Die Abgrenzung der Papyrologie als eigenständige Disziplin von Epigraphik und Klassischer Philologie ist nicht unproblematisch. Insbesondere Ulrich Wilcken, der Gründervater der modernen Papyrologie, plädierte etwa für einen Ausschluss der literarischen Papyri – gemeint sind solche, die literarische Texte überliefern –, da diese in das Aufgabengebiet des Klassischen Philologen fallen würden. Diese Beschränkung der Papyrologie auf dokumentarische Texte hat freilich Widerspruch hervorgerufen. Ähnlich wie die Epigraphik definiert sich die Papyrologie nicht ausschließlich über die physische Qualität, sondern auch den Fundort ihres Gegenstandes. Neben Papyri behandelt der Papyrologe auch Ostraka, Schreibtafeln aus Holz und teilweise sogar Inschriften – soweit die Texte in Ägypten gefunden wurden. Papyri haben sich nur in Gebieten mit extremer Trockenheit (Ägypten südlich von Kairo, Palästina; z. B. die berühmten Funde im ägyptischen Oxyrhynchos:
http://archive.csad.ox.ac.uk/POxy/VExhibition/vexhframe_hi.htm und http://www.papyrology.ox.ac.uk/POxy) bzw. unter Sonderbedingungen (z. B. die karbonisierten Papyri von Herculaneum) erhalten.

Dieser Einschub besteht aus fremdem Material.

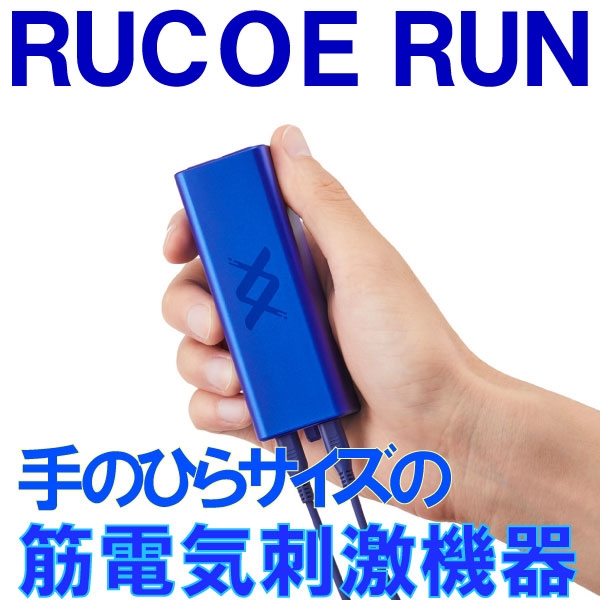 【ルコエラン】筋電気刺激機器 渋谷店・池袋店で販売中!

Die meisten Papyri stammen aus griechisch-römischer Zeit, da erst die Erfindung des kálamos im 3. Jh. v. Chr. eine breite Schriftkultur möglich machte: Mit dem Aufkommen dieser starren, an der Spitze gespaltenen Schreibfeder konnte sich eine alltagstaugliche Kursivschrift entwickeln. Aufgrund dieser geographisch und chronologisch ungleichmäßigen Fundverteilung hat sich die Papyrologie als ein Wissenschaftszweig etabliert, der sich der Erforschung von Papyri im Allgemeinen, sowie von griechischen und lateinischen Texten aus Ägypten als Ausdruck von dessen Geschichte und Kultur in griechisch-römischer Zeit im Besonderen widmet. Der besondere Wert der Papyrusquellen liegt darin, dass es sich in der ganz überwiegenden Mehrheit um sonst aus der Antike so spärlich überliefertes dokumentarisches Material handelt, also Primär- bzw. Überrestquellen. Außerdem erlauben uns Papyri einen Blick auf das Alltagsleben der Menschen in der Antike, liefern uns wertvolle Informationen zur Wirtschafts- und Sozialgeschichte. Nicht zu Unrecht hat man daher davon gesprochen, dass die Papyri Geschichte "from a worm’s eye perspective" bieten.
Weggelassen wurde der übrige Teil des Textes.